So far, most of the metabolite studies in grapevine were performed by nuclear magnetic resonance (NMR) spectroscopy and were based on the analysis of a single extract from leaves [5], [6]. In these studies by NMR, larger amounts of initial plant material are required (between 25 and 50 mg), the limit of detection is around 10 μM and even using 1D and 2D NMR techniques, and the number of metabolites identified is usually less than 20. More recently, mass spectrometry coupled to liquid chromatography (LC–MS) has been used in the identification and quantification of grapevine metabolites [7]. Although this methodology is more sensitive, only 135 primary metabolites (sugars, amino acids, organic acids and amines) were identified and quantified in a 30-min hydrophilic interaction LC run coupled to a triple quadrupole mass spectrometer [7].
To achieve higher sensitivity and maximum metabolome coverage, we resort to mass spectrometry using high-resolution and high-mass accuracy instruments, based on Fourier transform technology. The sensitivity of this methodology is much higher (typically ρg level) and different fractions can be analyzed (from aqueous to organic extractions) [8]. One of these instruments, the Fourier-transform ion cyclotron-resonance mass spectrometer (FTICR), provides ultra-high-mass accuracy (below 1 ppm) and the highest mass resolution (more than 1,000,000) [9]. Moreover, using direct infusion coupled to ultra-high-resolution mass spectrometry, metabolites are analyzed in a high-throughput way, providing a rapid analysis of complex metabolite samples, and eliminating the time-consuming separation by liquid chromatography (LC) [10].
In addition to high mass accuracy instruments, efficient sample extraction methodologies are a priority in metabolomics. These are especially critical when working with plant material, where caution must be taken during harvesting, grinding and metabolite extraction, to avoid consequences in the accuracy of results [11].
Here we present an efficient metabolite extraction protocol for grapevine leaves, suitable for the characterization of the V. vinifera metabolome by direct infusion Fourier-transform ion cyclotron-resonance mass spectrometry (DI-FTICR-MS).
2. Materials and methods
2.1. Plant material
V. vinifera cv Pinot noir young leaves were harvested from five different plants (three biological replicates were considered), at the Portuguese Grapevine Germplasm Bank at INIA—Estação Vitivinícola Nacional (Dois Portos), immediately frozen in liquid nitrogen and stored at −80 °C. Leaves were ground in liquid nitrogen and used for metabolite extraction.

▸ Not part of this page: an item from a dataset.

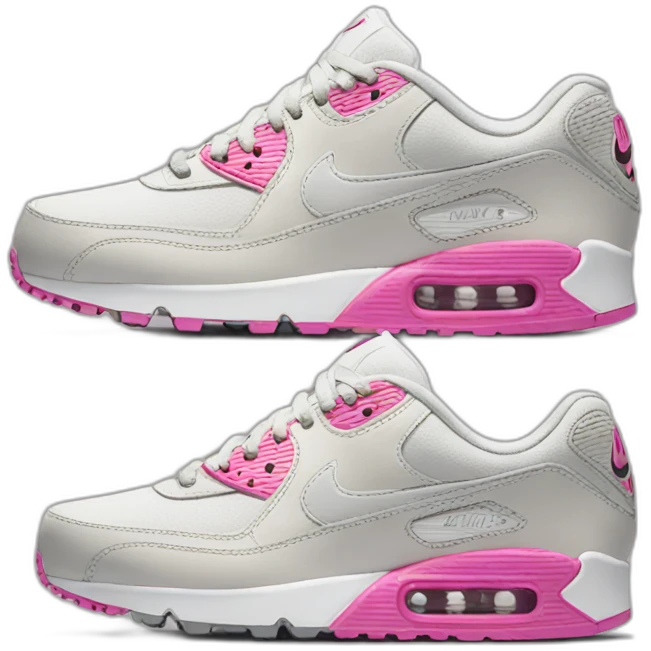 Nike air max emoji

2.2. Metabolite extraction
Metabolite extraction from grapevine leaves was performed using different solvent systems coupled to solid phase extraction (SPE) fractionation. We used the mixture 40% methanol (LC–MS grade, Merck)/40% chloroform (Sigma Aldrich)/20% water (v/v/v) as previously described for grapes [12], but the ratio was 0.1 g of grinded leaves to 1 mL of solvent. Samples were vortexed for 1 min and maintained in an orbital shaker for 15 min at room temperature. Samples were centrifuged at 1000g for 10 min for phase separation: the lower chloroform fraction and the upper aqueous/methanol fraction. The chloroform fraction (C) was further centrifuged for 5 min at 10,000g to remove debris and lyophilized at −40 °C. The aqueous/methanol layer was further processed by SPE using Merck LiChrolut RP-18 columns, pre-equilibrated with methanol. Metabolite fractions were collected by vacuum through sequential elution with 1 mL of water (W), methanol (M) and acetonitrile (A, LC–MS grade, Merck). The water fraction was lyophilized at −40 °C, while both methanol and acetonitrile fractions were evaporated under a nitrogen stream. A workflow of the experimental procedure is shown in Fig. 1.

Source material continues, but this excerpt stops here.